夢のシーンで出てくる飛行機は、「風の谷のナウシカ」やその他の作品で出てきたものに似ています。それを見ると、宮崎監督はずっと同じ夢を追いかけてきたのだということがわかります。
 
宮崎監督は飛行機や空を飛ぶことに異様なこだわりを持っていて、航空オタクないしは飛行オタクであるといえます。マンガ・アニメオタクであることももちろんです。
その宮崎監督が堀越二郎に自分を重ね合わせたのはある意味当然です。堀越二郎は飛行機が好きですが、自分はパイロットではなく、ただ飛行機の設計をするだけです。ひたすらケント紙に図を描くことは、宮崎監督がマンガを描くことに共通するでしょう。
 
ですから、この映画は宮崎監督のオタク趣味全開の“宮崎駿ワールド”になっています。
そのため、悪い表現では「自己満足」になりかねないところがあります。
もっとも、今や国民的アニメ作家の宮崎監督ですから、自己満足に走ったからといって誰も非難しないでしょう。
私自身、今回の「風立ちぬ」もそうですが、宮崎監督の作品であれば無条件で見にいきます。
 
ただ、この作品については、十分におもしろかったとはいえ、なにか物足りなさを感じたのも事実です。
いつもの宮崎作品にある感動がこの作品にはなかった気がするのです。
ヤフーレビューを見ても、同様の感想が多数あります。
 
その理由はなんなのかについて考えると、結局、堀越二郎が設計したのはゼロ戦だということに行き着きます。
堀越二郎は、よい飛行機をつくりたいという純粋な思いで、恋人や家族や周りの人たちにささえられ、困難を乗り越えて、その夢を実現します。普通、主人公が困難を乗り越えて夢を実現すると、観客は感動するものですが、ゼロ戦となると話は違います。

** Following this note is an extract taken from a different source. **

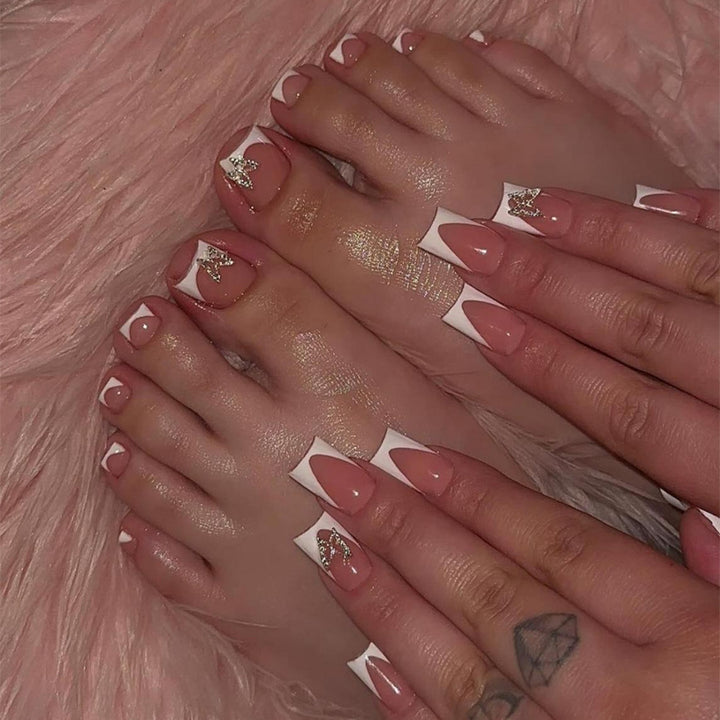 Artificial nail set with elegant French tip design and modern accents Bowlift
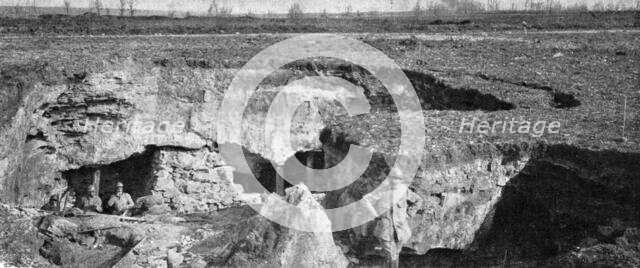 'Du 16 au 30 avril 1917; Une de ces creutes ou carrieres, creusees dans la craie des falaises...1917 Creator: Unknown.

ゼロ戦は名機とされますが、そのためにかえって戦争が悲惨さを増したということが考えられます。もしゼロ戦がポンコツ機だったら、日本はもっと早く戦争に負けて、被害が少なかったかもしれません。
そのため素直には感動できないのです。
原爆をつくった科学者の物語があったとして、それに感動できないのに似ています。
 
もし堀越二郎が素晴らしい旅客機をつくり、そのために多くの人が安価に飛行機旅行を楽しめるようになったとすれば、観客は堀越二郎の夢の実現に素直に感動することができたでしょう。
 
堀越二郎は実在の人物ですから、そんなストーリーにするわけにはいきません。
だったら、「ライト兄弟物語」でもよかったはずです。ライト兄弟は子どものころから機械が大好きで、そんな重いものが空を飛ぶはずがないと周りからバカにされながらも、動力飛行を成功させます。そのおかげで今日の航空機の発達があるわけですから、「ライト兄弟物語」は、ジブリらしく子どもも楽しめる、十分感動的な物語になったはずです。
 
しかし、宮崎監督は堀越二郎に思い入れがあって、ライト兄弟に思い入れはないでしょうから、やはりそうはいきません。
 
宮崎監督の思い入れがある分、いい作品になっていることも事実です。
宮崎ファンは、よくも悪くも“宮崎駿ワールド”として受け入れるしかありません。